> _WORK ITEM_
Instruction for the data below: set down exactly the lines from the line with "Uzun Siyah Drapeli" to the line with "J2US: Το ντουέτο", inclusive, and no others.

> _DATA TO USE_
::::::::

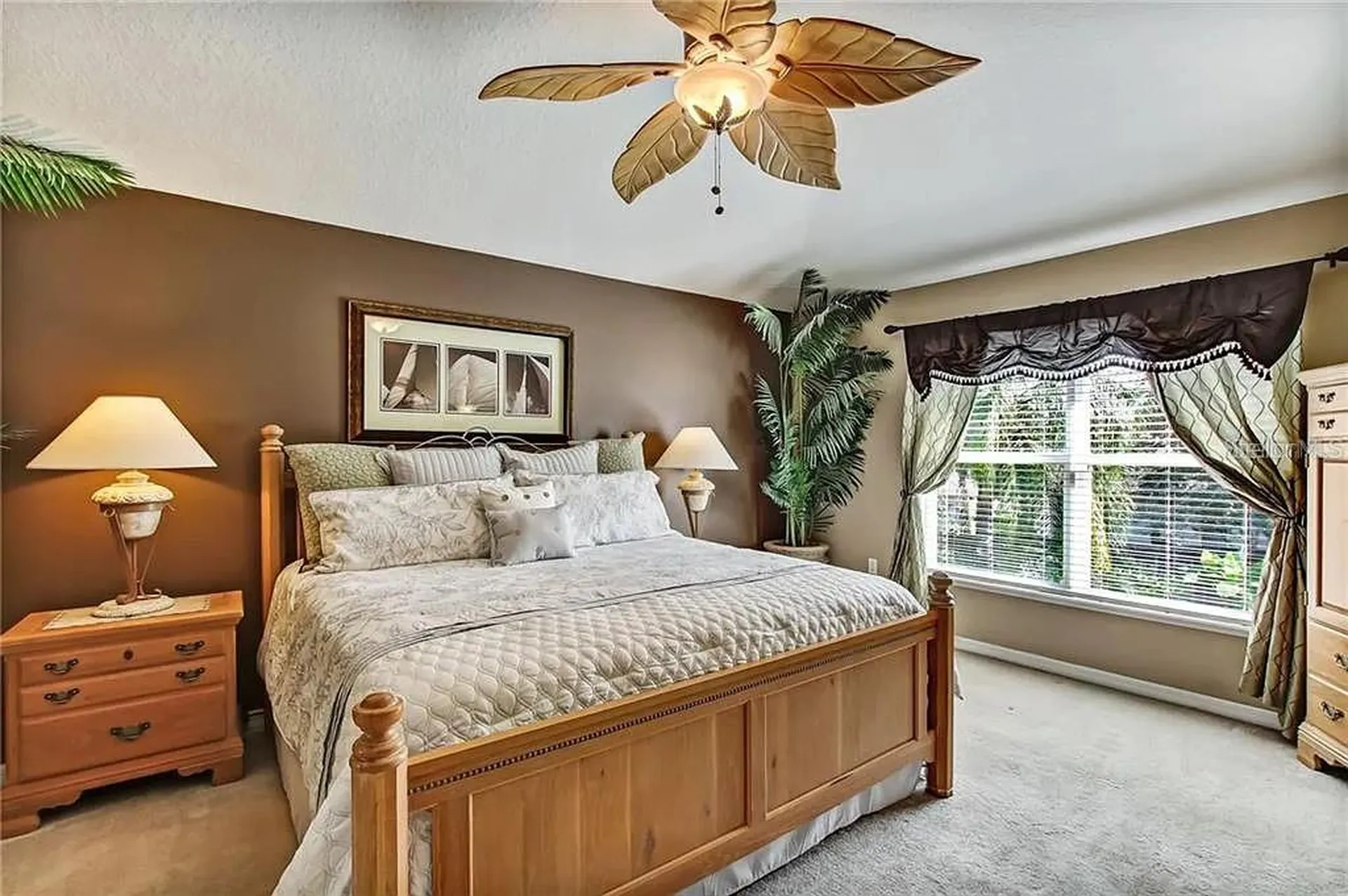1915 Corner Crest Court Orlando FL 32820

::::::::

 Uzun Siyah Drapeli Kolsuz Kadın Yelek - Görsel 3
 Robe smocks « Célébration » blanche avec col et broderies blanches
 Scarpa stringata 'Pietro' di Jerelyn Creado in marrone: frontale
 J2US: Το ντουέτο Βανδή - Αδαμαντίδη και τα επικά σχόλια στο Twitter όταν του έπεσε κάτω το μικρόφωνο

::::::::

> _WRITTEN ANSWER_
 Uzun Siyah Drapeli Kolsuz Kadın Yelek - Görsel 3
 Robe smocks « Célébration » blanche avec col et broderies blanches
 Scarpa stringata 'Pietro' di Jerelyn Creado in marrone: frontale
 J2US: Το ντουέτο Βανδή - Αδαμαντίδη και τα επικά σχόλια στο Twitter όταν του έπεσε κάτω το μικρόφωνο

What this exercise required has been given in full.